The synthesis of solvent-less bare-surface nickel phosphides is desired, considering their superior electrocatalytic properties and straightforward synthetic protocols compared to their analogues prepared from colloidal routes. Herein, we report the synthesis of [Ni{S2P(OH)(4-CH3OC6H4)}(2)] (1), [Fe{S2P(OH)(4-CH3OC6H4)}(3)] (2) and [Co{S2P(OC4H9)(4-CH3OC6H4)}(3)] (3) and their utilization to form Ni2P, Fe-Ni2P and Co-Ni2P in a solvent-less pyrolysis method. This solvent-free protocol involved the decomposition of complex (1) and the composites of complex (1) with (2) or (3) in the presence of triphenylphosphine (TPP) at 400 degrees C for one hour.

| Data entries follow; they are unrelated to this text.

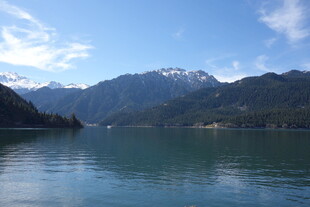 宁静山水间的湖光山色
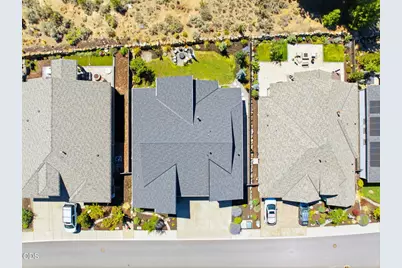 3083 NW Hidden Ridge Drive, Bend, OR 97703 - Photo 40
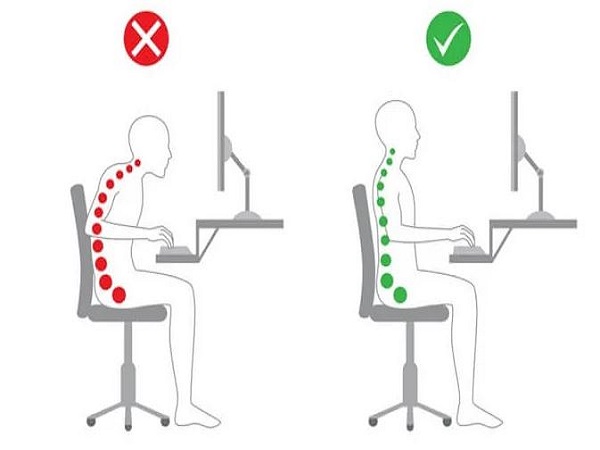 Ngồi đúng tư thế là 1 mẹo giảm cân khi ngồi làm việc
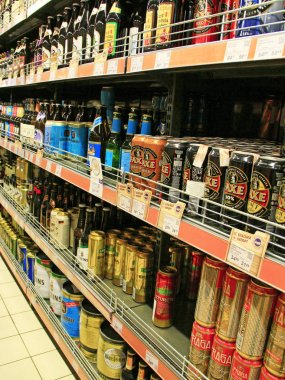 Alkollü içeceklerin mağaza. Alkol içki Pazar. Bira çeşitleri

The solvent-less decomposition of complex (1) without TPP formed nickel sulfide. A plausible explanation for this rare fabrication of pristine and doped Ni2P in the absence of any solvent is suggested. All the transition metal doped phosphides improved the HER performance of pristine Ni2P, with the 5 % Fe doped Ni2P having the best performance, requiring 137 mV to reach a current density of 10 mA/cm(2). Similarly, the OER performance of un-doped Ni2P was improved by all the doped Ni2P catalysts, where 10 % Fe-doped Ni2P showed the best performance requiring 326 mV to reach a current density of 10 mA/cm(2). Transition metal doping was also shown to improve the reaction kinetics, stability and durability of the solvent-free prepared Ni2P.